Written by | Monday, May 11th, 2015

François Godement and Angela Stanzel (European Council on Foreign Relations)

The Chinese investments in Europe have increased as a consequence of the economic crisis, whereby this development was characteristic not only for the heavily indebted EU countries. That is one reason why the EU should urgently negotiate an investment agreement in China, which could help regulate this important area within this strategically important bilateral relationship. A sole agreement would replace 27 bilateral treaties between the Member States and China, each of whom is characterized by different advantages and drawbacks. The European Commission is currently in talks with the Member States about the conditions for the mandate to negotiate a prospective investment treaty with China. A uniform stance of the Member States will be crucial if the EU were to successfully pursue its interests.

The EU also has an interest in ensuring the transparency of the capital flows and investors’ identities, whereas China has hitherto tolerated tax havens and an opaque flow of capital. The Union is rightly concerned about the protection of its investments in China. The European companies often have problems with the protection of intellectual property, preferential treatment of state-owned companies, or the judicial system, which is often seen as subordinate to the ruling Communist Party and an instrument to maintain its grip on power. The future of the China-EU agreement will also be shaped by the ISDS mechanism (Investor State Dispute Settlement), which is included in the TTIP deal currently being negotiated with the U.S., as well as other ambitious proposals of common norms and regulations. While the European companies struggle to overcome major obstacles to access the Chinese market, the European markets are less restrictive for the Chinese investors than U.S. or Canadian markets. There are also concerns about the activities of Chinese communication companies, such as Huawei, which cannot bid for a government contracts in the U.S. due to its links to the Chinese People’s Liberation Army.

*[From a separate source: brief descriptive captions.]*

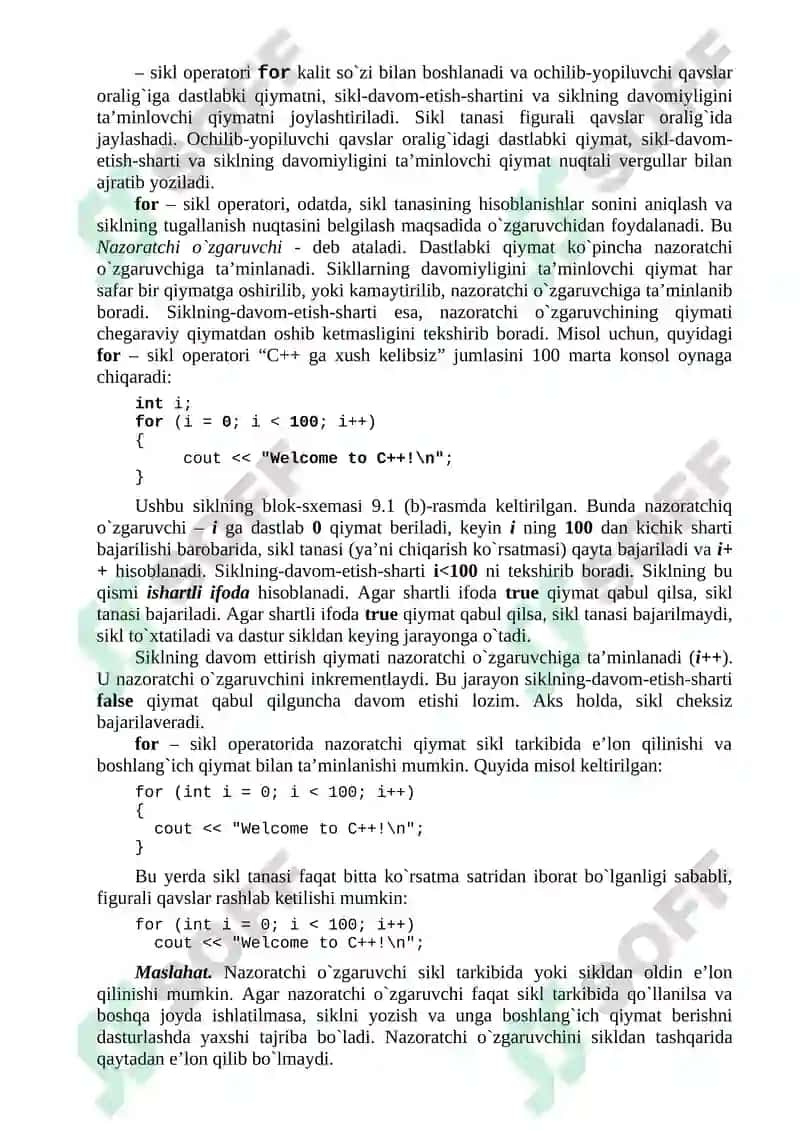 For – parametrli va ichma-ich joylashgan takrorlash operatorlari. 3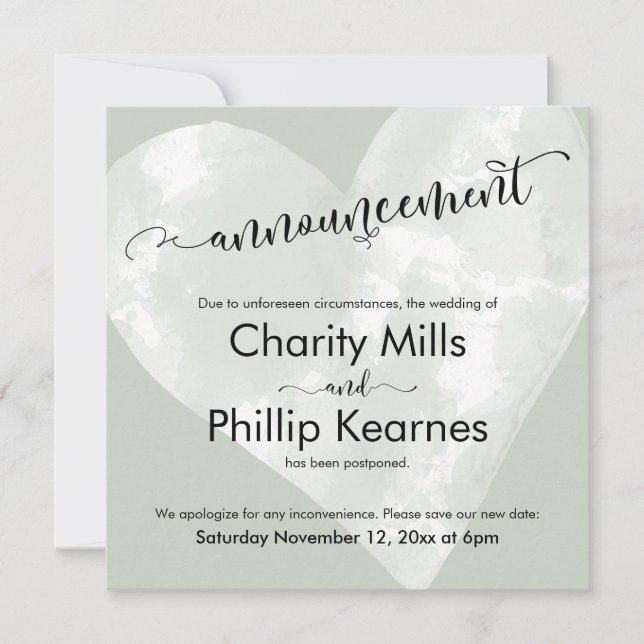 Grüne Vertagung der Hochzeitsankündigung (Vorderseite)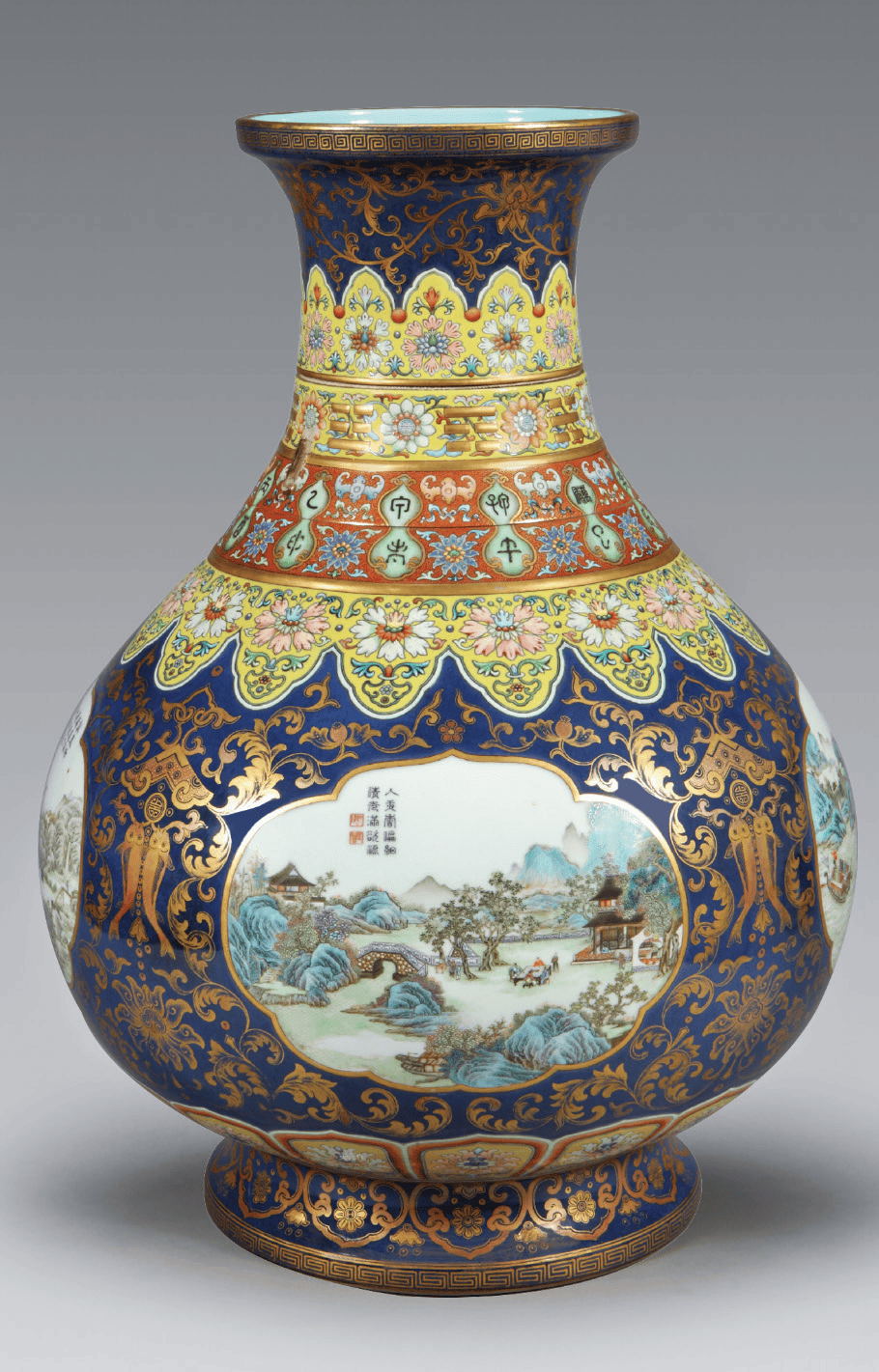 中国　染付　福寿紋方瓶　大清乾隆年製銘　送料込み0713 清乾隆御制洋彩蓝地锦上添花福寿万年甲子转心笔筒赏析| 中贸圣佳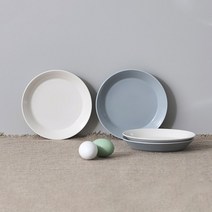 보울보울 어반데일리 디저트플레이트 접시 세트 18cm, 1세트, 리넨화이트 2p + 프렌치그레이 2p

China contests the extension of anti-dumping measures in the EU and the rise in its ecological and market standards. On the other hand, from Chinese perspective, Europe offers a stable environment where larger amounts of capital can be invested at a time when economic growth back home is slowing down. Chinese consumers themselves are concerned about the lack of ecological and health norms in their own market and therefore look increasingly for foreign brands that are seen as synonym of quality. That is also why China wants to acquire European technologies, know-how, and established brands. In January, the Chinese government announced a draft law on foreign investment, which indicates a prospective simplification of the regulation process of authorization of foreign investments and an equal treatment for foreign investors and domestic companies. China will also reportedly release a new negative list that should be a shorter version of the current list of restricted or banned industries for European investors.